Still struggling to understand the ins and outs re: input sensitivity

ryanosaur

ryanosaur

Audioholic Overlord
Ooh. I like that calculator. Thanks for sharing! :)
Yup, been all over the sub tip, too. And sub link/bassaholic room ratings.
Originally liked the little ported svs for 499. Awww, ain't that cute? That's when I started realizing how important my room size is in the overall scheme. So now my leading contenders, in no particular order: SVS PC4000 or PB4000, Outlaw X-13 Ultra, Hsu VTF-15H mk2. Dark horse contestant is the Monolith 15" Ultra. If I say F the cost, SVS PB-16 Ultra.
And for my room size, I'm gonna double down on whichever I buy.
PC/PB-4000s might not have the juice... its a close call for my room, but I like the footprint of the PCs especially, easy to put out of the way.
X-13 might be my front runner right now based on reviews and such. I like the look, too.
VTF-15H mk2, I can drive to LA and hear them, buy without having to deal with shipping. While in LA, I should be able to audition the SVS PC and PB 4000s and the PB16 Ultra.
*shrug
I'm enjoying the journey. :cool:
 
lovinthehd

lovinthehd

Audioholic Jedi
Ooh. I like that calculator. Thanks for sharing! :)
Yup, been all over the sub tip, too. And sub link/bassaholic room ratings.
Originally liked the little ported svs for 499. Awww, ain't that cute? That's when I started realizing how important my room size is in the overall scheme. So now my leading contenders, in no particular order: SVS PC4000 or PB4000, Outlaw X-13 Ultra, Hsu VTF-15H mk2. Dark horse contestant is the Monolith 15" Ultra. If I say F the cost, SVS PB-16 Ultra.
And for my room size, I'm gonna double down on whichever I buy.
PC/PB-4000s might not have the juice... its a close call for my room, but I like the footprint of the PCs especially, easy to put out of the way.
X-13 might be my front runner right now based on reviews and such. I like the look, too.
VTF-15H mk2, I can drive to LA and hear them, buy without having to deal with shipping. While in LA, I should be able to audition the SVS PC and PB 4000s and the PB16 Ultra.
*shrug
I'm enjoying the journey. :cool:
Keep in mind sub demos are largely dependent on setup and the room. I wouldn't bother personally, altho a visit to Hsu might be worth it if not too far. SVS demos at BB, meh.

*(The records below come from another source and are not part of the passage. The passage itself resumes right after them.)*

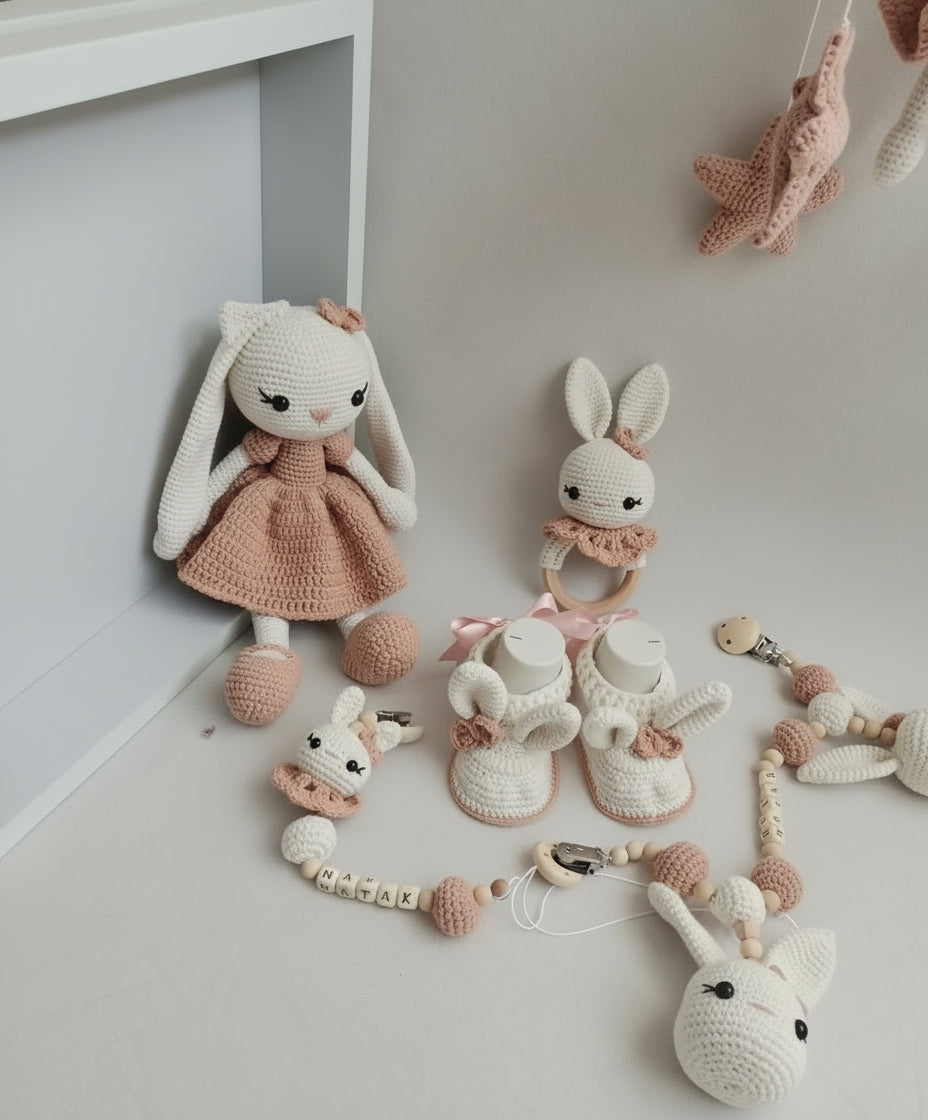 Handmade crochet bunny dolls, booties, and accessories in soft pink and white tones.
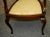 Antique (1900s) Arm Chair has an Edwardian Style. The Chair is Made of Wood. Mahogany. Inlaid Back Panel. The Seat has...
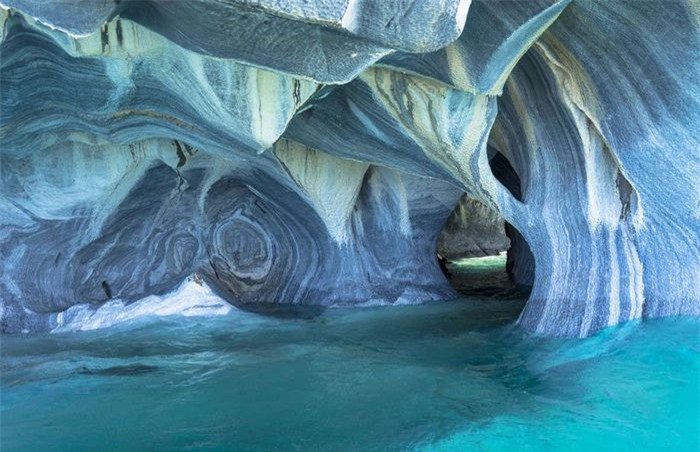 Hang đá cẩm thạch, Chile:Nhiều du khách khi khám phá mạng lưới hang động nằm dưới hồ General Carrera, Chile, đã đánh giá đây là nơi "đẹp nhất thế giới". Thành hang được tạo ra từ khoáng chất canxi cacbonat, khi thủy triều rút bạn mới có thể khám phá các lối thông bên trong. Năm 1994, hang động được công nhận là Di tích quốc gia của Chile.
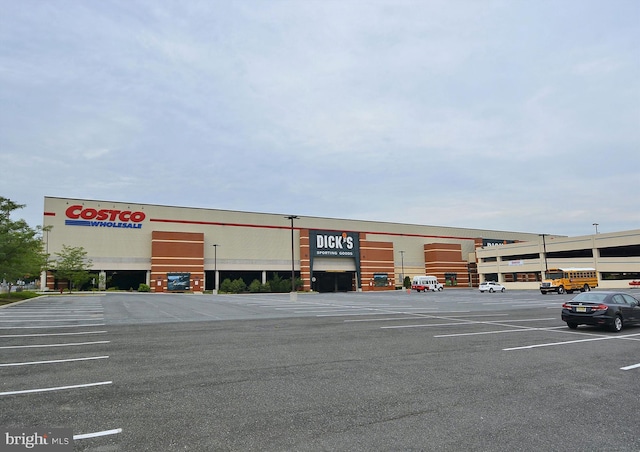 view of commercial property with uncovered parking
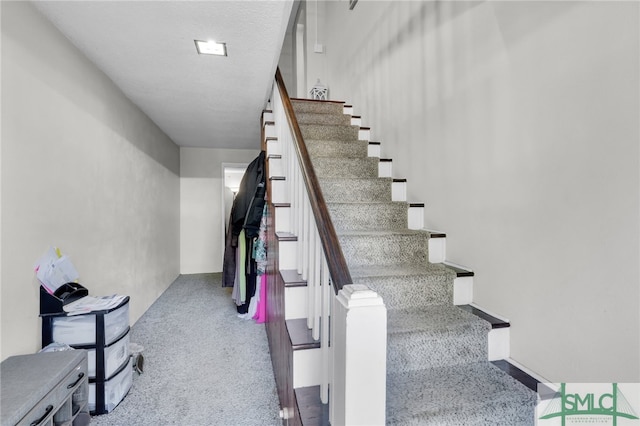 stairway featuring carpet and a textured ceiling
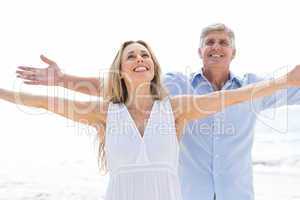 Happy couple standing by the sea arms outstretched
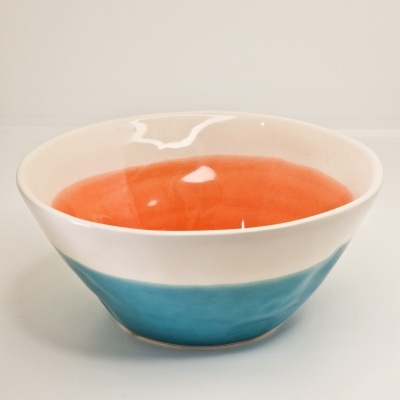 Tigela cerâmica tricolor com interior laranja, exterior branco e azul.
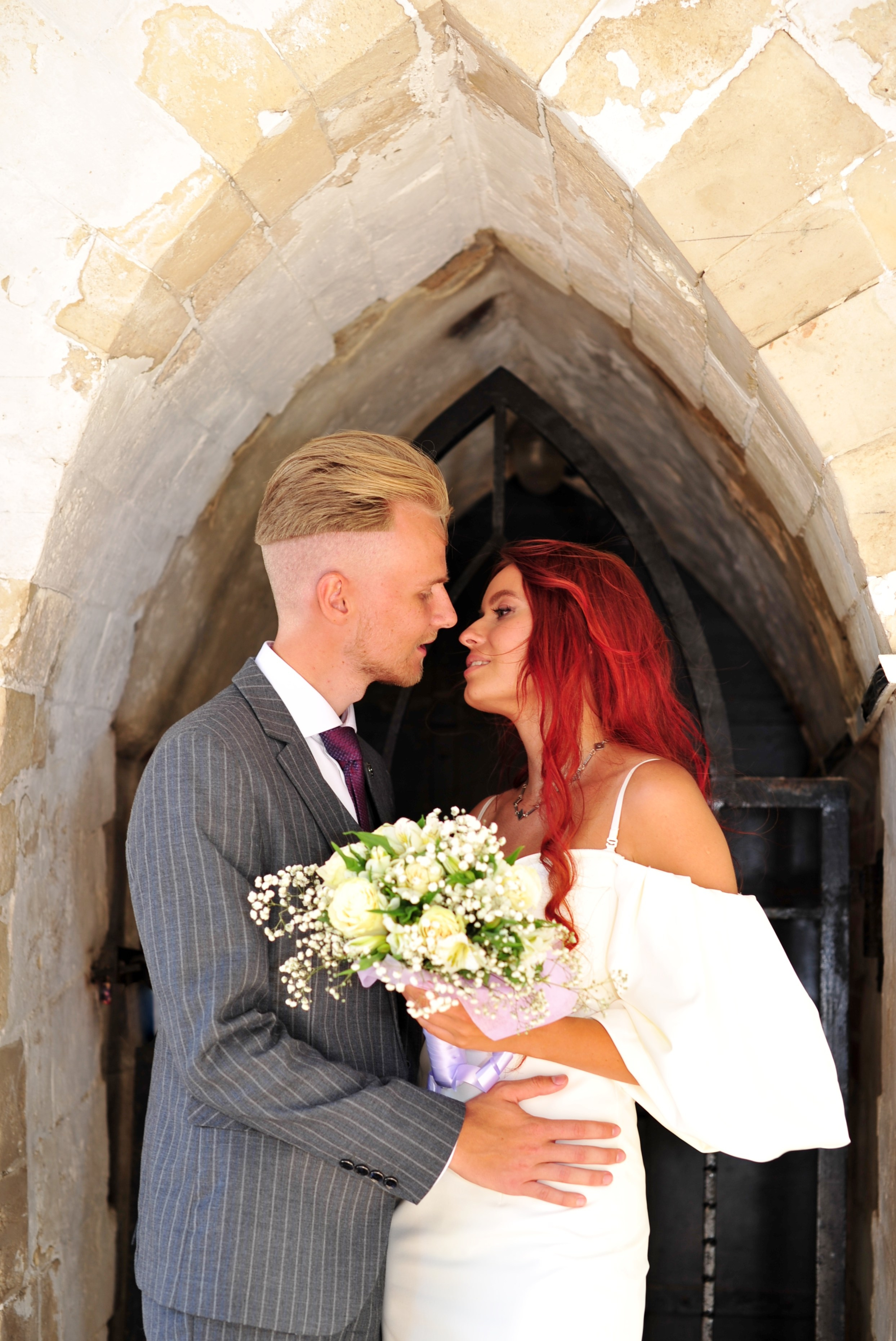 Свадьба в Царицыно летом, молодожены смотрят друг на друга и обнимаются в арке моста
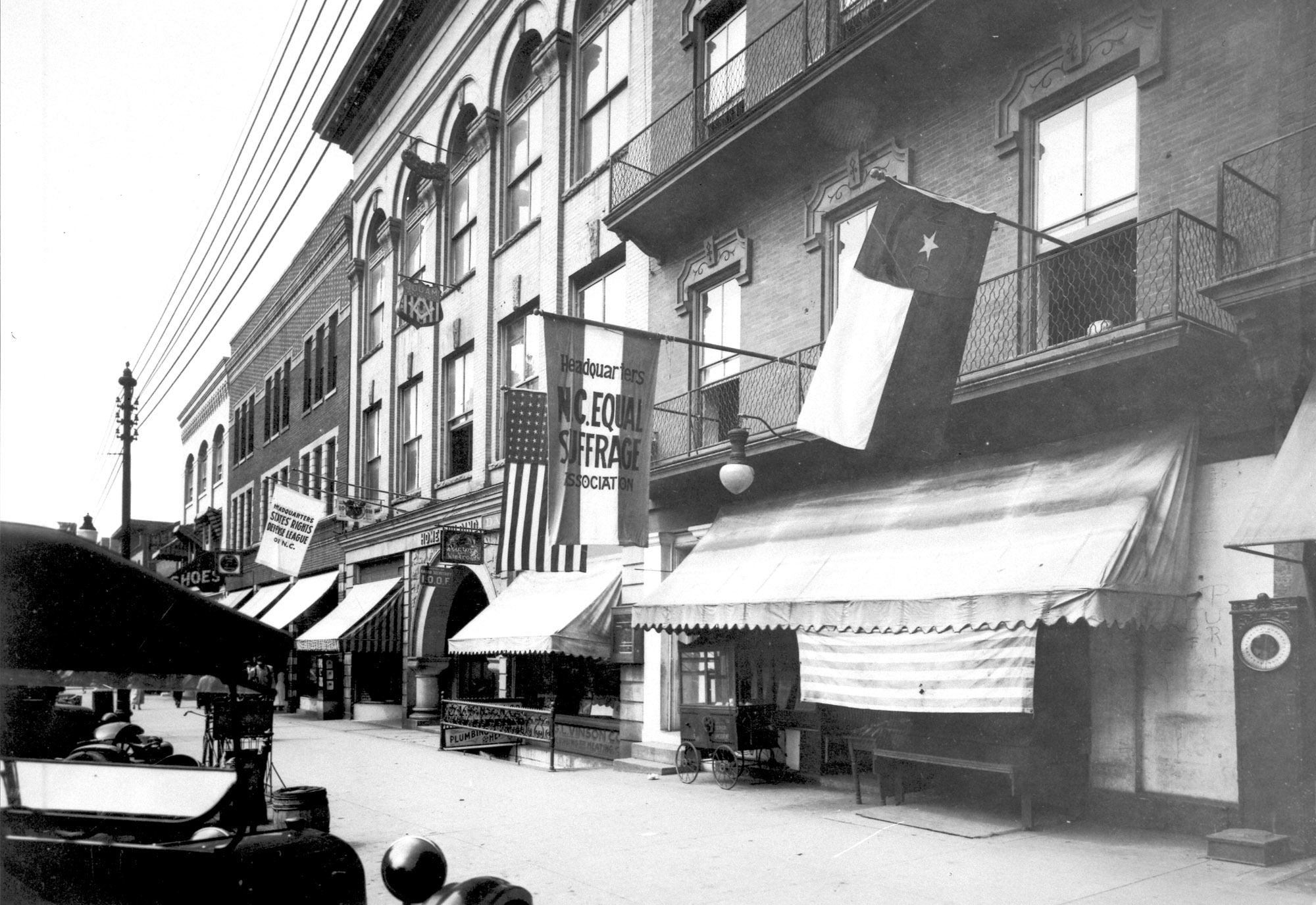 A building with a flags hanging outside, one of which reads &quot;North Carolina Equal Suffrage Association.&quot; 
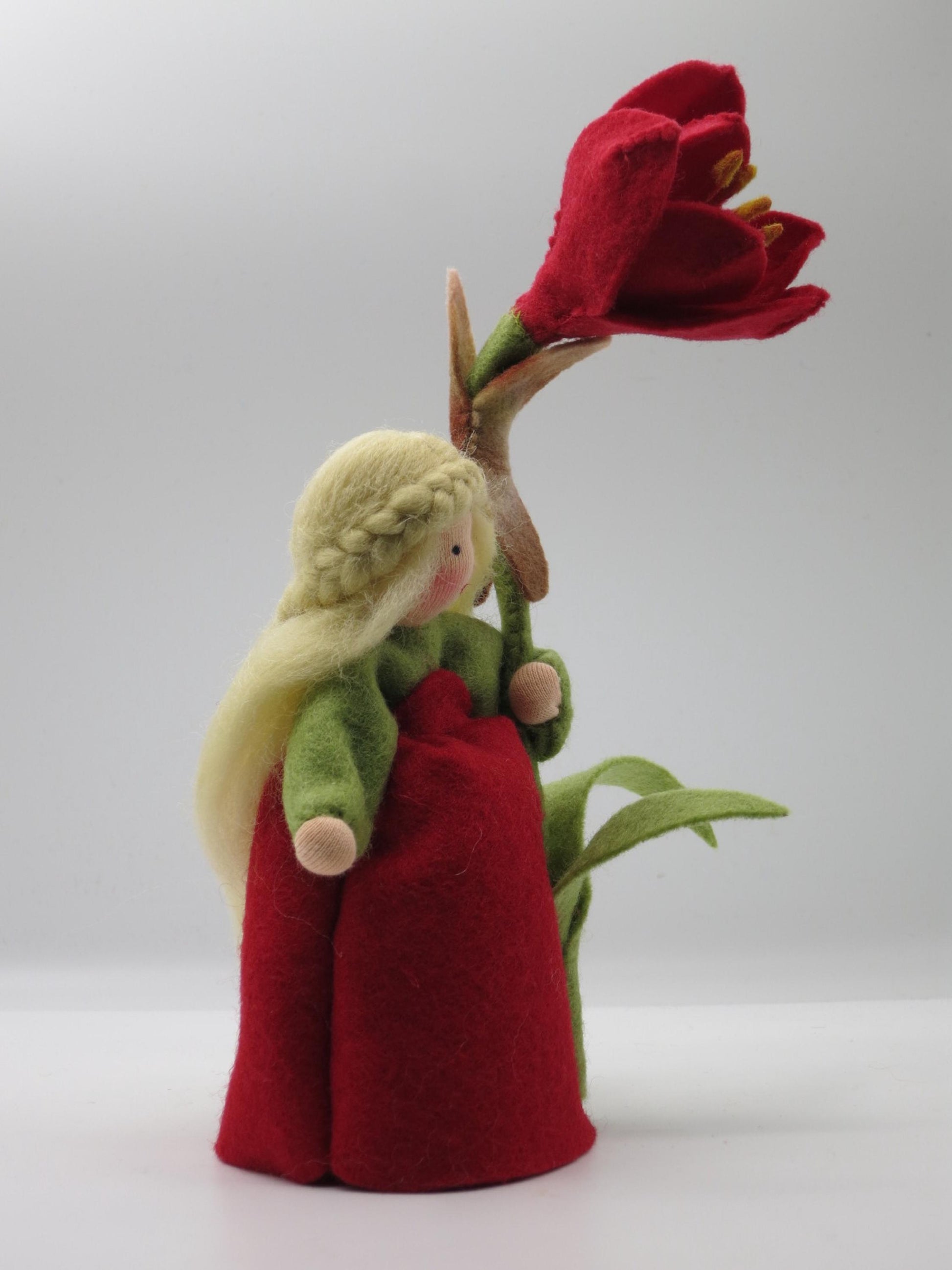 Seitliche Ganzfigur des Amaryllis-Blumenkinds im roten Filzkleid mit grünen Ärmeln und hoher Blüte.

What about Seaton, JTR and Funk?

Have you checked out data-bass.com?
 
H

HarryCrumb

Audiophyte
Hi,

I know this is an old thread but I was reading it yesterday and it's the best set of explanations that I've found so far concerning output votage and input sensitivity. I'm active on another audio forum but joined audioholics because this thread was so good.

I own a few samplers and synthesisers and just love music in general, but I have only recently started getting in to proper hifi. I find the technical side of audio quite difficult and my main concern has been that I might blow something up and ruin my expensive vintage speakers. The explanations on this thread will get me a long way, combined with some tinkering and experimenting, but I do have one question that I hope someone can help me with.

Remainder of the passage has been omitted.